* **INFORMATION SUPPLIED**:
[Start of Attachment]

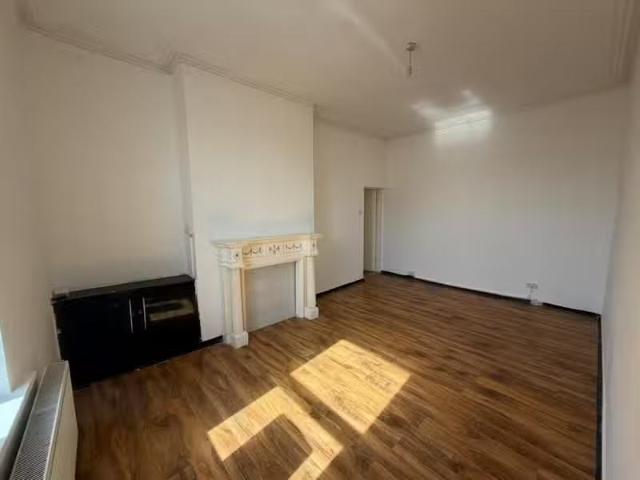 For Rent! 1 BA 2 bedroom flat for rent in Seaforth Vale West.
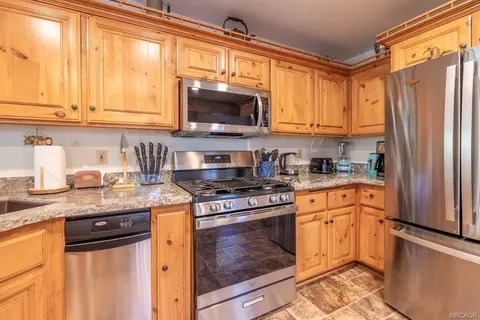 Kitchen - 1280 Constellation Dr, Big Bear City, CA 92314 photo 3 of 3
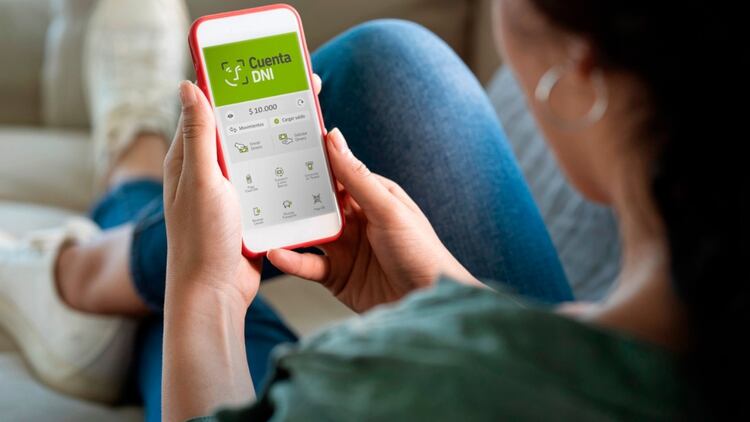 Los beneficiarios que cobren mediante la billetera virtual del BAPRO, deberán descargar previamente la aplicación “Cuenta DNI” de la entidad de forma gratuita en Google Play Store desde un celular “Smartphone”.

[End of Attachment]

* **PROBLEM REQUIREMENTS**: Take the data above and repeat it exactly, leaving each picture out.

* **TASK RESULT**:
 For Rent! 1 BA 2 bedroom flat for rent in Seaforth Vale West.
 Kitchen - 1280 Constellation Dr, Big Bear City, CA 92314 photo 3 of 3
 Los beneficiarios que cobren mediante la billetera virtual del BAPRO, deberán descargar previamente la aplicación “Cuenta DNI” de la entidad de forma gratuita en Google Play Store desde un celular “Smartphone”.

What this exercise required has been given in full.